(What you have to do): Without the pictures, reproduce the records that follow exactly.

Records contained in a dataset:
---------------

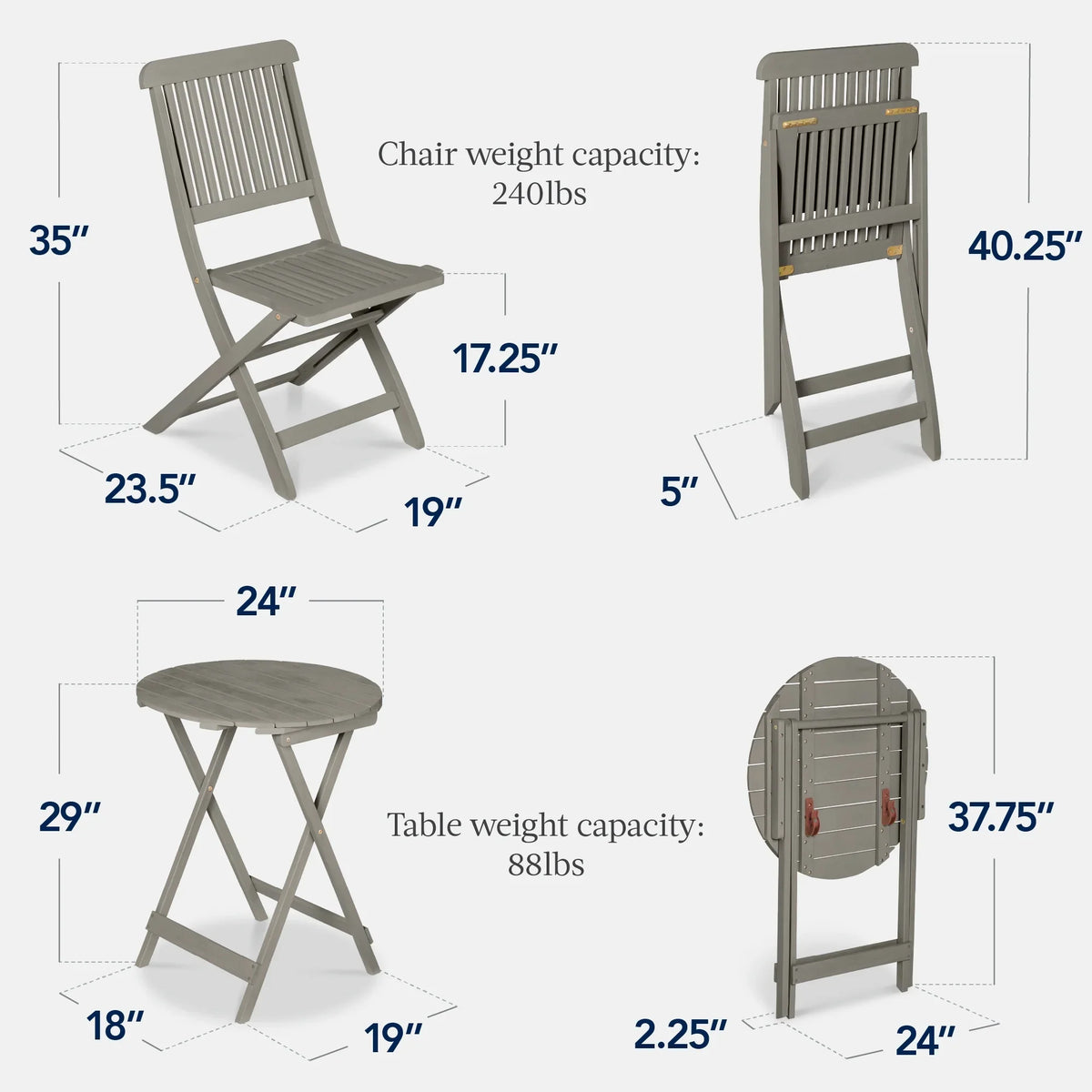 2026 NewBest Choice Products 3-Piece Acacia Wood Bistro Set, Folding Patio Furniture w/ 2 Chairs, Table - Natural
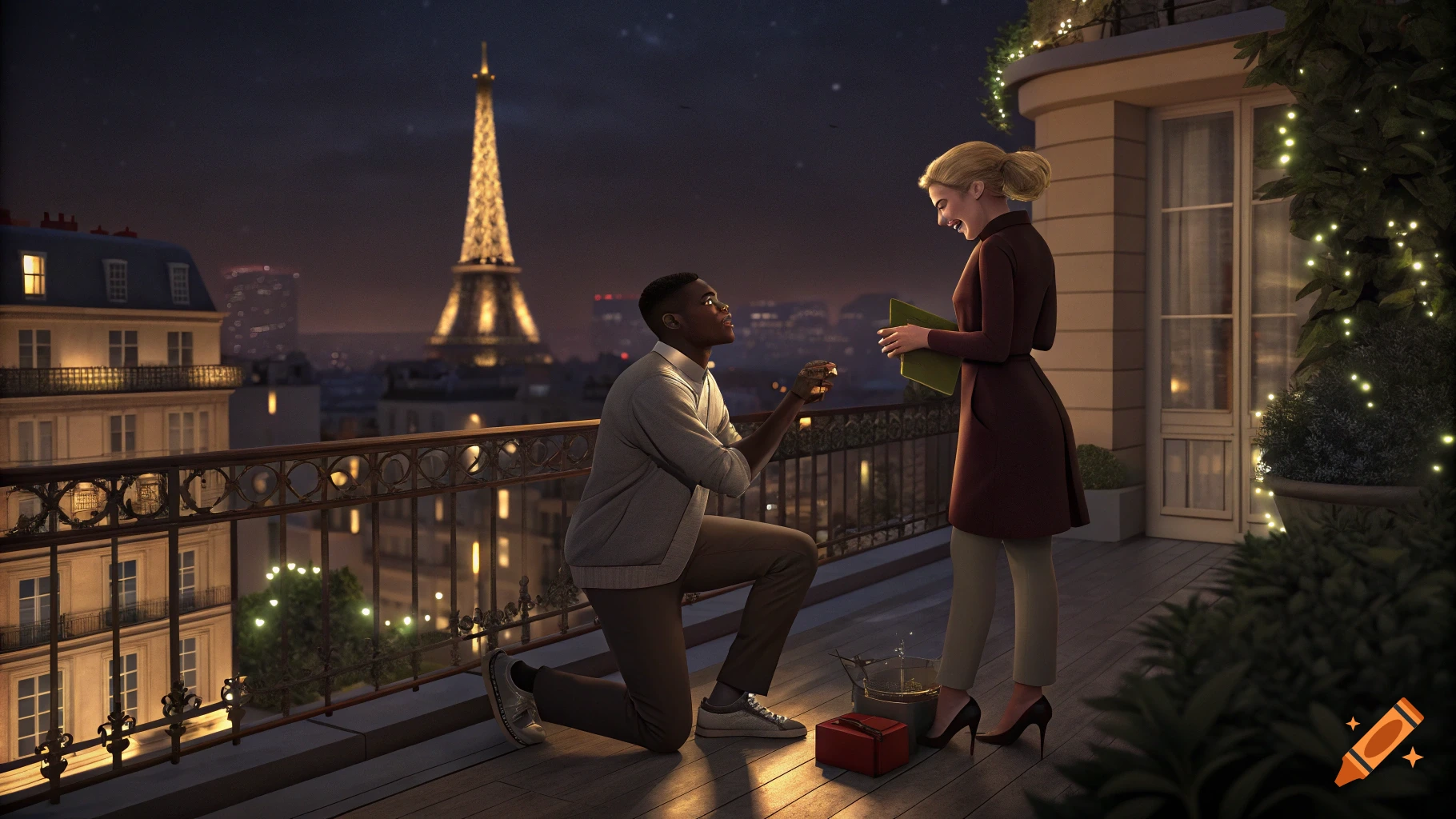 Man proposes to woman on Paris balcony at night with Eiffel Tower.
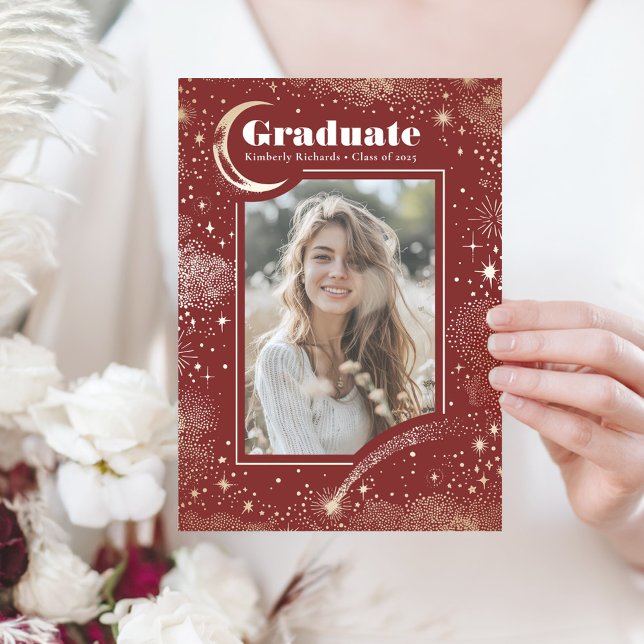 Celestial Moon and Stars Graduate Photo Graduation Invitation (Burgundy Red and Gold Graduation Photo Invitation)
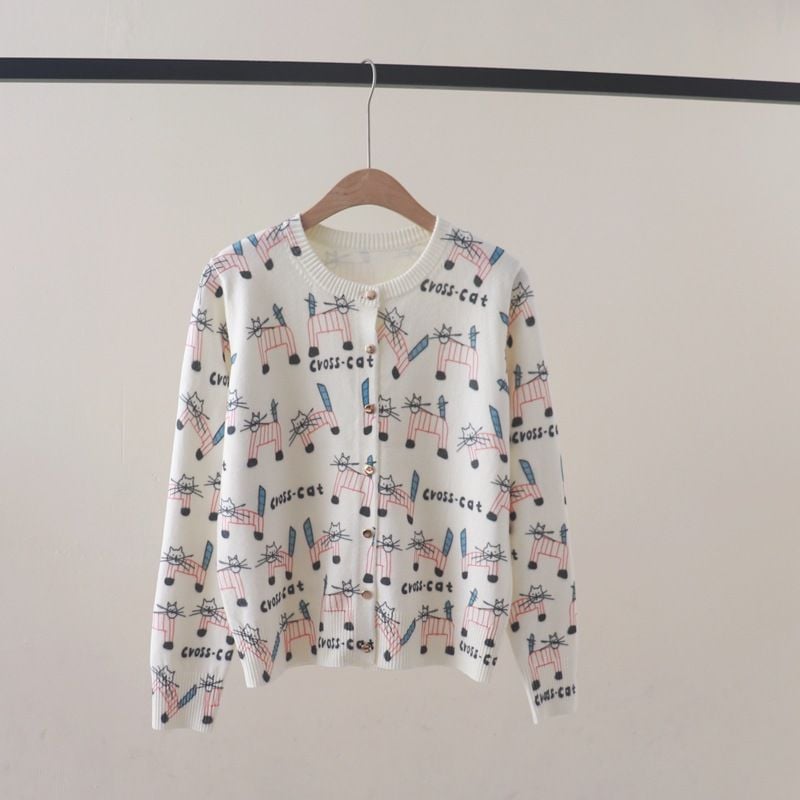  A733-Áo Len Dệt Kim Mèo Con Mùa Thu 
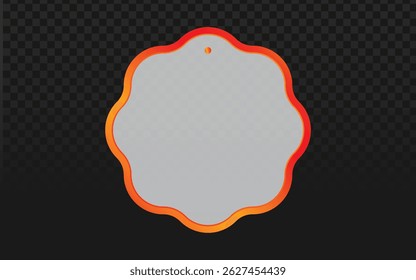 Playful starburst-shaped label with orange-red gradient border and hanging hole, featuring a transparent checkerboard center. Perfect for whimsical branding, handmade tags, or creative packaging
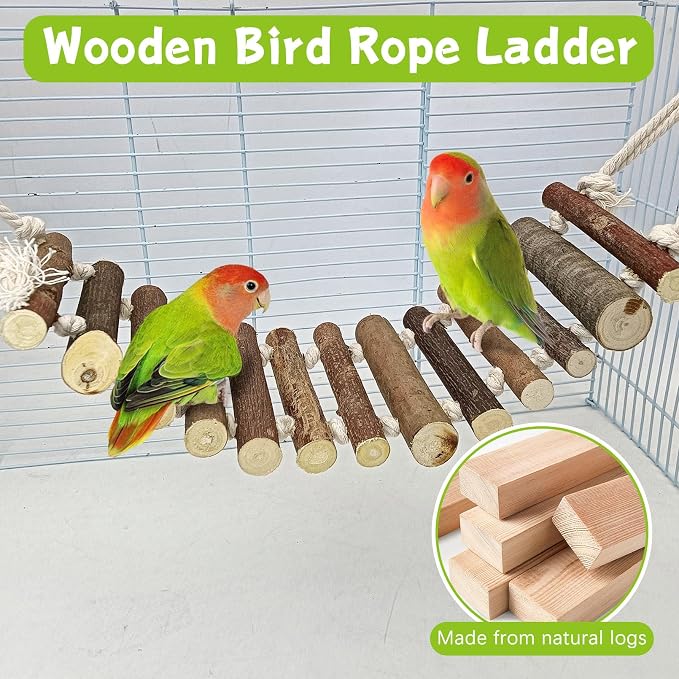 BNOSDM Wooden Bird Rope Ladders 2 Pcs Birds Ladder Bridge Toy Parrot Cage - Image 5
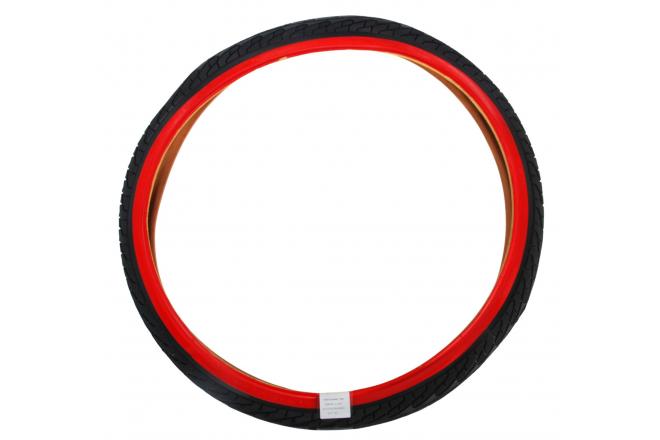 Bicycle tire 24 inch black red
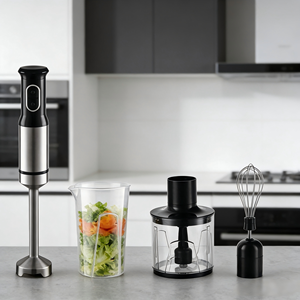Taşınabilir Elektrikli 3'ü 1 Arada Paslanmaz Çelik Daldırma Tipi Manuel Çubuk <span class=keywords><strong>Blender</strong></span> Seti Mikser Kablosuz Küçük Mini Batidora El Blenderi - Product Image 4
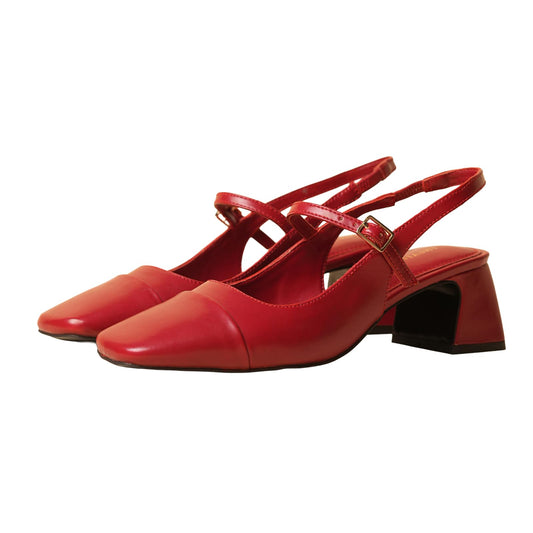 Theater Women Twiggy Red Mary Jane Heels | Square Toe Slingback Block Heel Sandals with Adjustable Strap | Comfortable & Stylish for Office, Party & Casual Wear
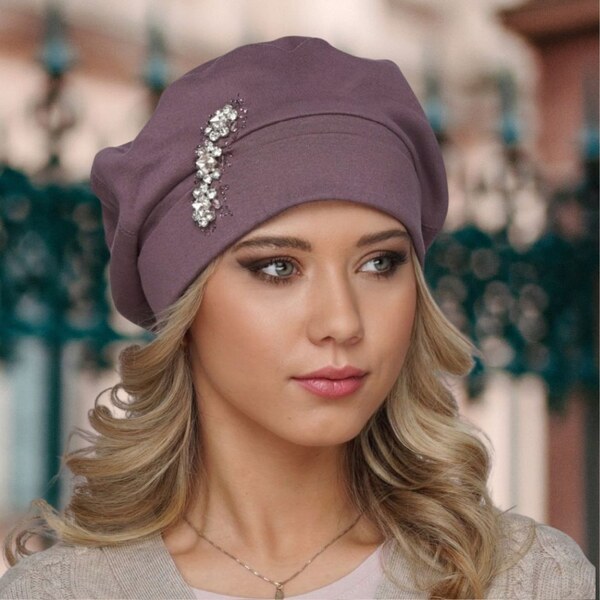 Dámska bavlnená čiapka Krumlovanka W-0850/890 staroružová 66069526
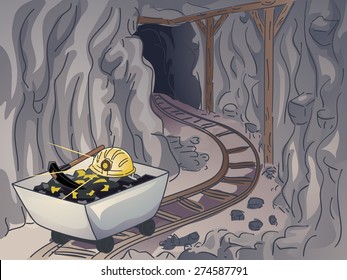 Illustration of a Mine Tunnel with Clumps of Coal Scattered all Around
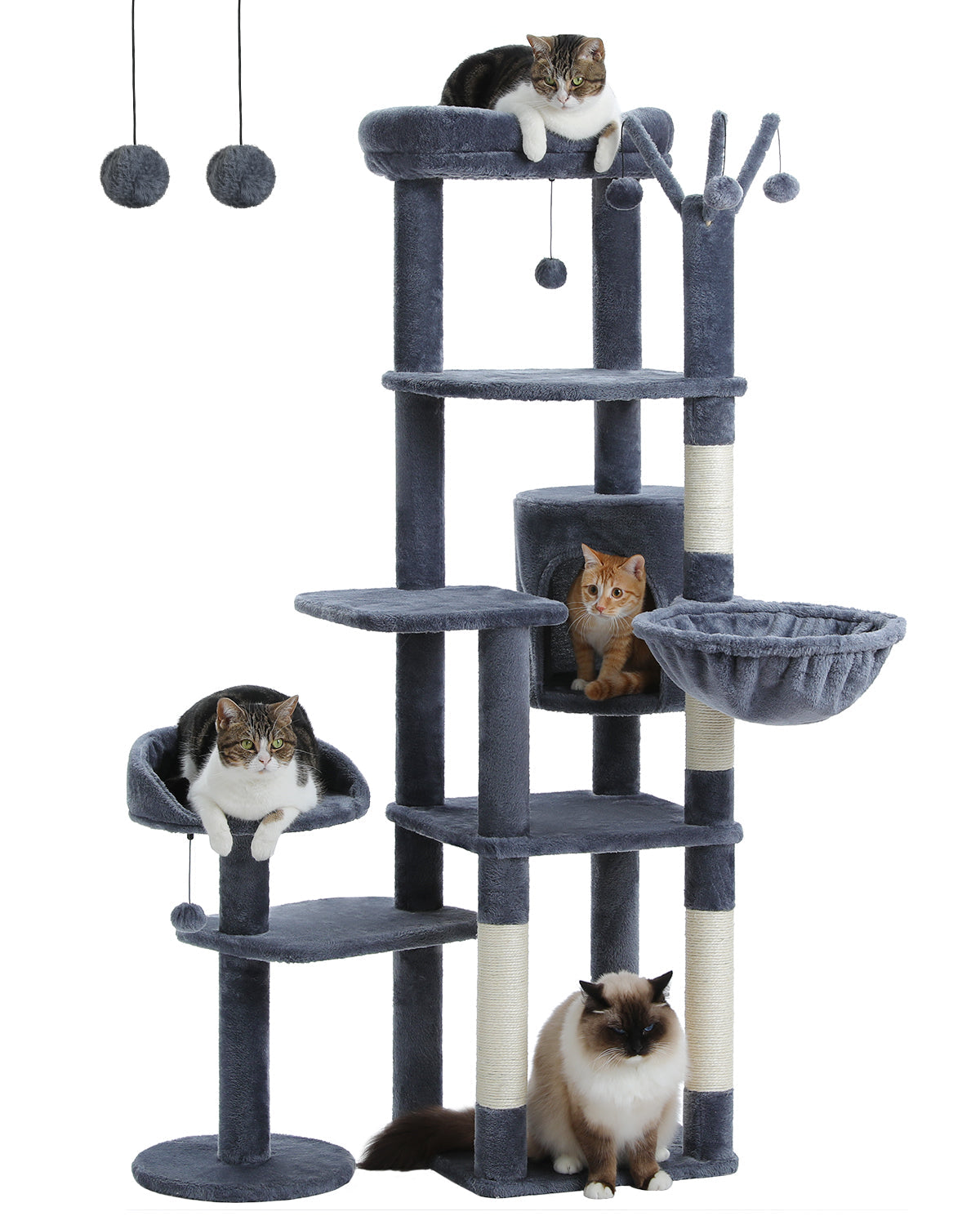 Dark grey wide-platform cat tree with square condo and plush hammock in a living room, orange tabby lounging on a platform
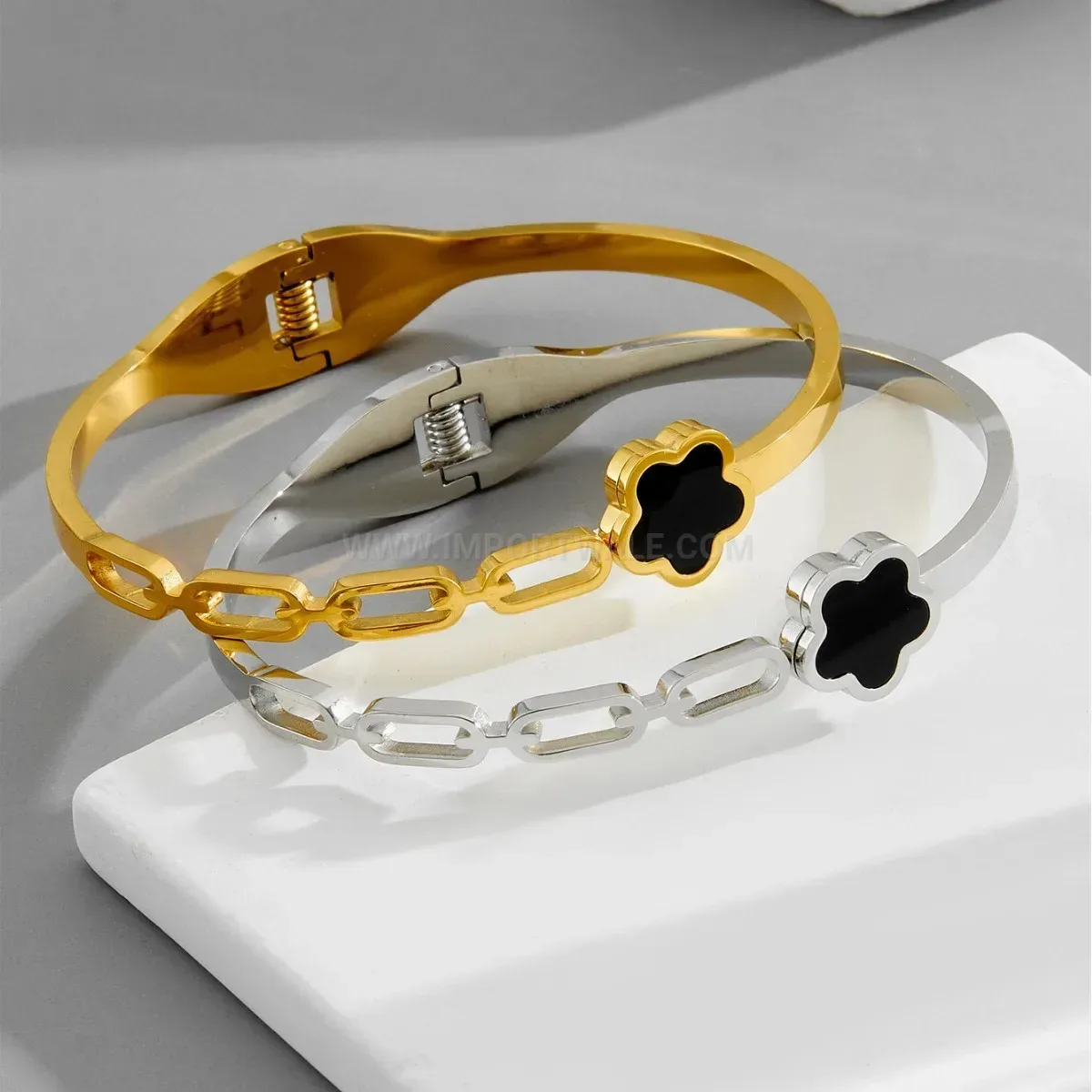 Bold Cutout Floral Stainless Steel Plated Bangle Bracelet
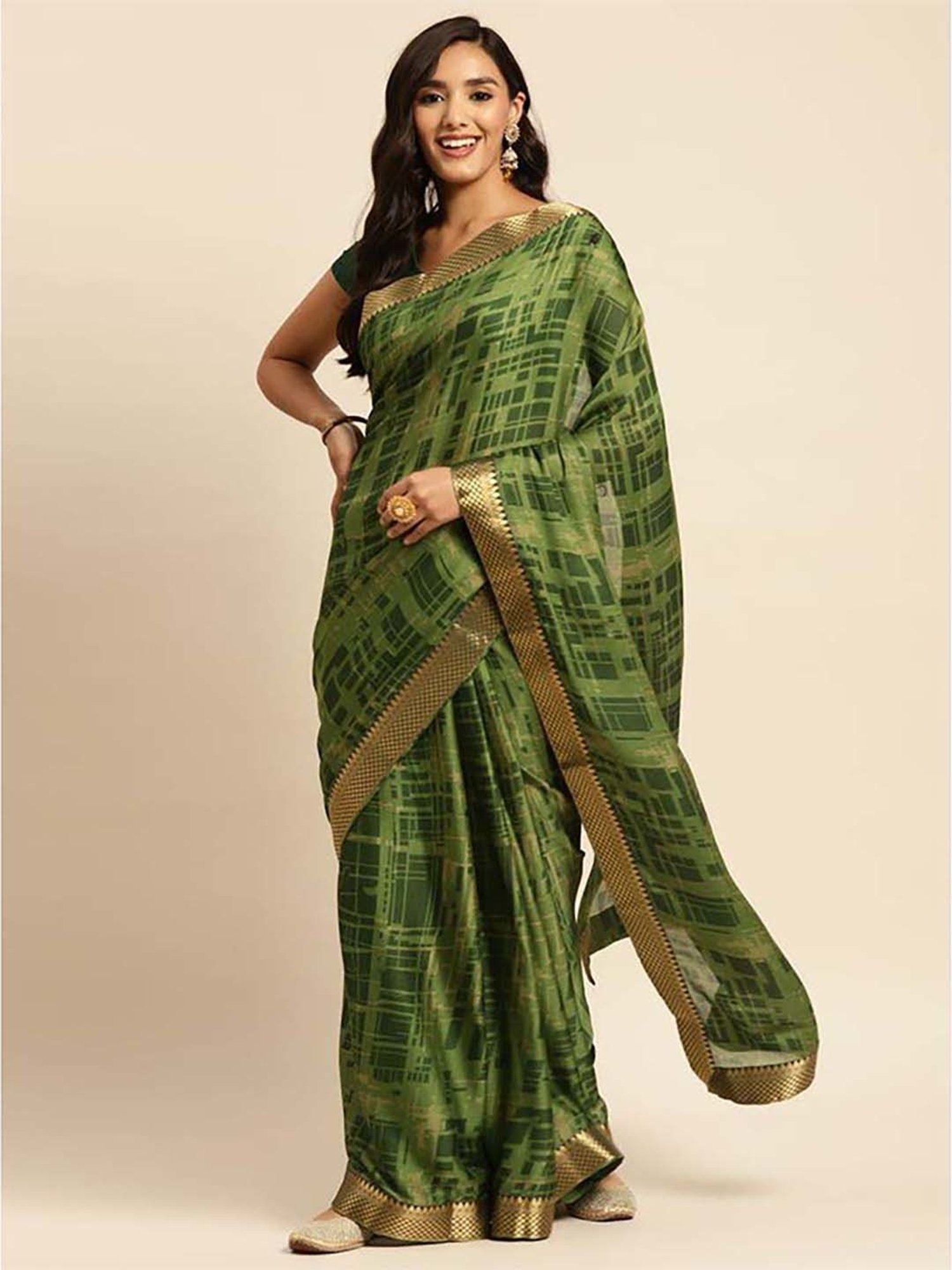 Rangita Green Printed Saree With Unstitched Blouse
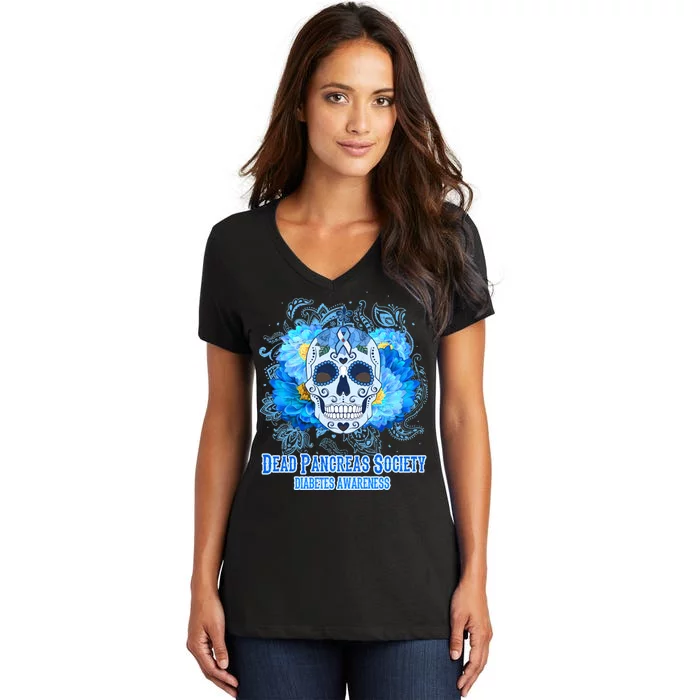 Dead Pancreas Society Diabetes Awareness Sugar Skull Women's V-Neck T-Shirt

---------------

(Answer to the problem):
 2026 NewBest Choice Products 3-Piece Acacia Wood Bistro Set, Folding Patio Furniture w/ 2 Chairs, Table - Natural
 Man proposes to woman on Paris balcony at night with Eiffel Tower.
 Celestial Moon and Stars Graduate Photo Graduation Invitation (Burgundy Red and Gold Graduation Photo Invitation)
  A733-Áo Len Dệt Kim Mèo Con Mùa Thu 
 Playful starburst-shaped label with orange-red gradient border and hanging hole, featuring a transparent checkerboard center. Perfect for whimsical branding, handmade tags, or creative packaging
 BNOSDM Wooden Bird Rope Ladders 2 Pcs Birds Ladder Bridge Toy Parrot Cage - Image 5
 Bicycle tire 24 inch black red
Taşınabilir Elektrikli 3'ü 1 Arada Paslanmaz Çelik Daldırma Tipi Manuel Çubuk <span class=keywords><strong>Blender</strong></span> Seti Mikser Kablosuz Küçük Mini Batidora El Blenderi - Product Image 4
 Theater Women Twiggy Red Mary Jane Heels | Square Toe Slingback Block Heel Sandals with Adjustable Strap | Comfortable & Stylish for Office, Party & Casual Wear
 Dámska bavlnená čiapka Krumlovanka W-0850/890 staroružová 66069526
 Illustration of a Mine Tunnel with Clumps of Coal Scattered all Around
 Dark grey wide-platform cat tree with square condo and plush hammock in a living room, orange tabby lounging on a platform
 Bold Cutout Floral Stainless Steel Plated Bangle Bracelet
 Rangita Green Printed Saree With Unstitched Blouse
 Dead Pancreas Society Diabetes Awareness Sugar Skull Women's V-Neck T-Shirt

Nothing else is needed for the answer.